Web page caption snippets
--- --- ---
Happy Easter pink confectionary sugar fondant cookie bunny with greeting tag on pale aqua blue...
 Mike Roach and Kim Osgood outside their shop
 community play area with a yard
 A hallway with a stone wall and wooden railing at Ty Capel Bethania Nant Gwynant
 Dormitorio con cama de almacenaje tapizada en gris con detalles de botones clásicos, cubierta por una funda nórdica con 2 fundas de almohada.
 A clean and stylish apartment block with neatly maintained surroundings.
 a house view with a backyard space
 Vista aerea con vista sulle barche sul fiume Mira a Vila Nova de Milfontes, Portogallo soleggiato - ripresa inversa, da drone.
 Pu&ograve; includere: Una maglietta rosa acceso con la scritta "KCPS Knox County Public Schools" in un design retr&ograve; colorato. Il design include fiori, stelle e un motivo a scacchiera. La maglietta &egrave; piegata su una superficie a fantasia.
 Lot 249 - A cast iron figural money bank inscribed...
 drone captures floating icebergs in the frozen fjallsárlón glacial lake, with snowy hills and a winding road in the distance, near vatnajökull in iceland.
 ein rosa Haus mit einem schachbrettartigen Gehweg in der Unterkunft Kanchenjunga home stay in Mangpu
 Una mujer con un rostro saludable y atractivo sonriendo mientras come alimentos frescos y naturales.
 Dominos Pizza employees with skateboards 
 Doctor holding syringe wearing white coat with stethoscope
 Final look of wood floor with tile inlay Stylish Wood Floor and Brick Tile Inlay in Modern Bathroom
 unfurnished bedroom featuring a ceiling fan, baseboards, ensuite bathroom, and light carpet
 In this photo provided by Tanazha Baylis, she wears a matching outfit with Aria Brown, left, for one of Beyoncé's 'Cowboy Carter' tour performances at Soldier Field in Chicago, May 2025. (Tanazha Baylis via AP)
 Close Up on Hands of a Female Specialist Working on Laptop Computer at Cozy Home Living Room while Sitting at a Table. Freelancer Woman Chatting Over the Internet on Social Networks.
--- --- ---
Task
The answer must be a single number: the count of lines in the entries above that contain "with".

Solution
10